Cereal flies
Grass flies are small flies of black, gray, yellow, or greenish color, with dark stripes on the midrib. Larvae with a cylindrical body, greenish or white, always live in the tissues of the plant.
As a rule, the larva of the onion fly inhabits one grain (with the exception of the Hessian, in which many voracious larvae can settle on one stalk).
Depending on the type of cereal flies and the condition of the plant at the time of infection, the following parts of plants may be damaged: seedlings and young shoots (in this case, the whole plant or only the damaged shoot dies); generative shoots that have emerged into the tube (the larvae destroy the rudiment of the ear, and the shoot does not bear fruit); generative shoots before earing (the larvae eat part of the spikelets and damage the spikelet); grains in the spikelets. Under unfavorable conditions for the development of plants, thinning of crops occurs. The surviving plants have a reduced yield and grain quality. If the formed ear is damaged, individual spikelets are destroyed, the ear becomes chipped. When the larva develops on the spikelet, the ear turns white and does not give grain.
In addition, there is a fairly large group of species whose larvae feed on dying plant tissues and usually accompany the main harmful species.
Eggs are usually laid on the plant, on the leaves, behind the coleoptile (the first leaf of cereals after the cotyledon), in the leaf axil, sometimes on the soil near the plant. Pupation occurs in the damaged plant. In autumn, the eggs are laid mainly on the plant in the phase of 2-3 leaves, and the larvae appear just before the beginning of tillering, when the growth of the central shoots slows down.
In the spring, the flies fly out in the fields of winter wheat, where the plants have bloomed since autumn. Then they migrate to the seedlings of cereal crops to lay eggs.

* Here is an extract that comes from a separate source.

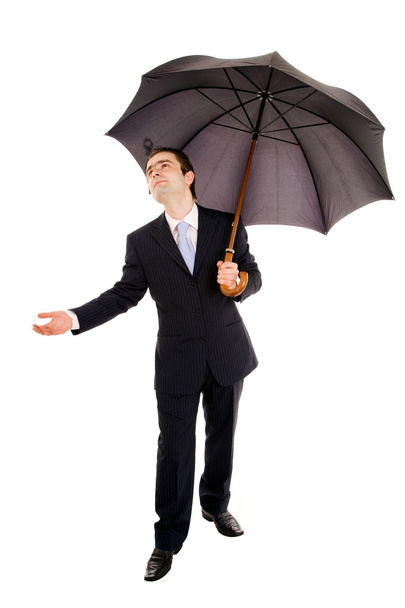 A businessman holding an umbrella and checking if it rains. Isol - Foto, afbeelding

For accounting, an entomological net is used, and on underdeveloped crops, blue water traps (a shallow 10-12 cm and a wide 20-25 cm container painted blue from the inside) are filled with water with the addition of a drop of shampoo to reduce surface tension.

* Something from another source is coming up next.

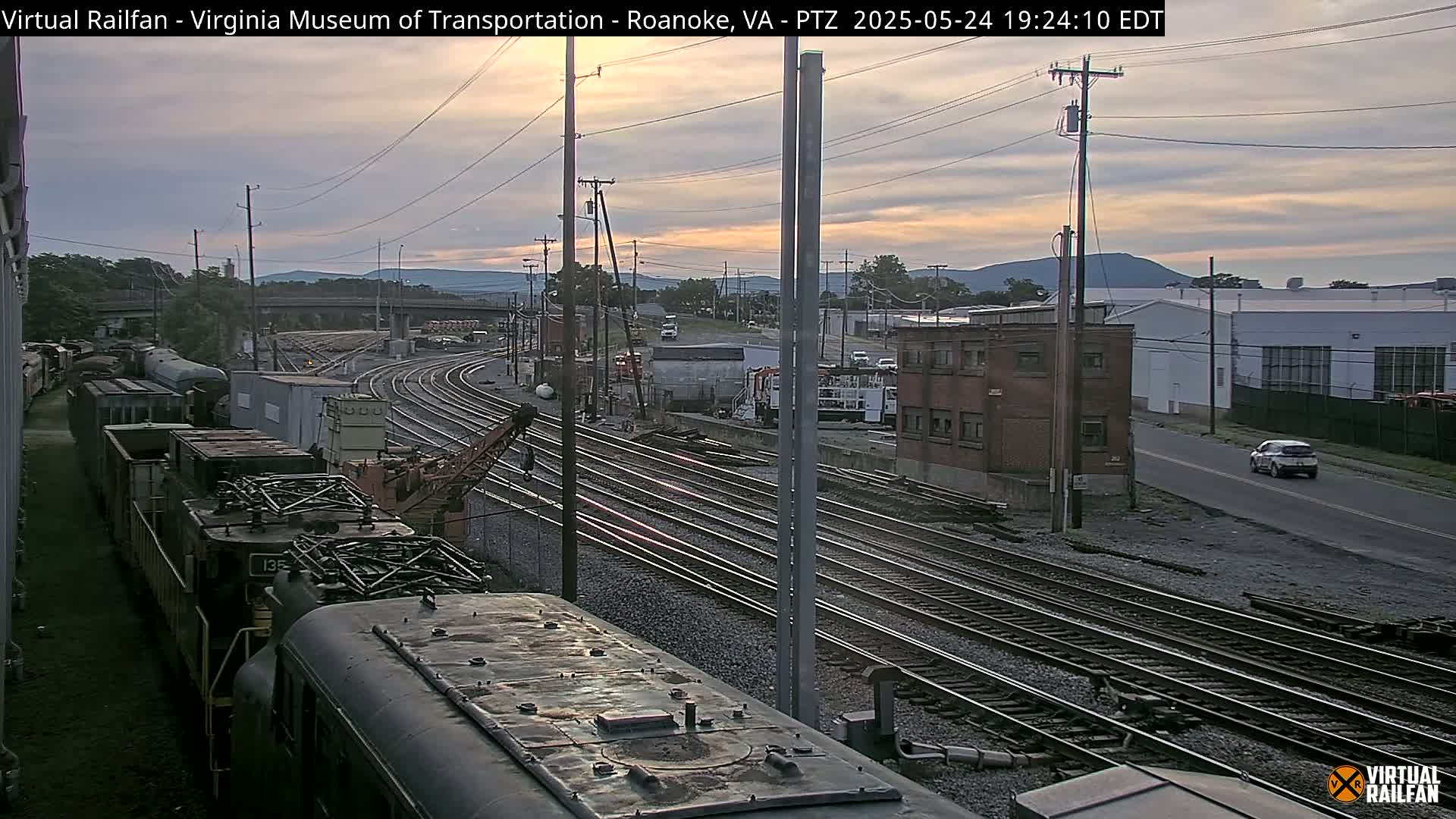 A twilight view of a train yard with multiple railway tracks, several train cars, and a single car driving on a nearby road under a partly cloudy sky.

The colonization of plants with the eggs of cereal flies is determined in the field. Oblong, white pest eggs up to 1 mm long are easily detected behind the vagina of the outgoing leaf. Under artificial lighting, eggs are difficult to detect.
Approximate dates of the beginning of the summer of cereal flies: wheat - the first half of April, Swedish - the end of April, Hessian-the end of April - the first decade of May; in autumn on winter wheat-from the moment of emergence (the 3rd decade of August – September, the first decade of October).
In the spring, chemical treatments against cereal flies are advisable on winter wheat crops that have lagged behind in development, with the number of flies not less than 50 specimens per 100 strokes of the net.
Control measures
1. Peeling of stubble with subsequent plowing.
2. Sowing of spring grain crops at the optimal time, winter wheat at the end of the optimal time.
3. Early spring fertilizing of winter wheat with mineral fertilizers.
4. Seed treatment with insecticides «Cruiser» and «Select Top».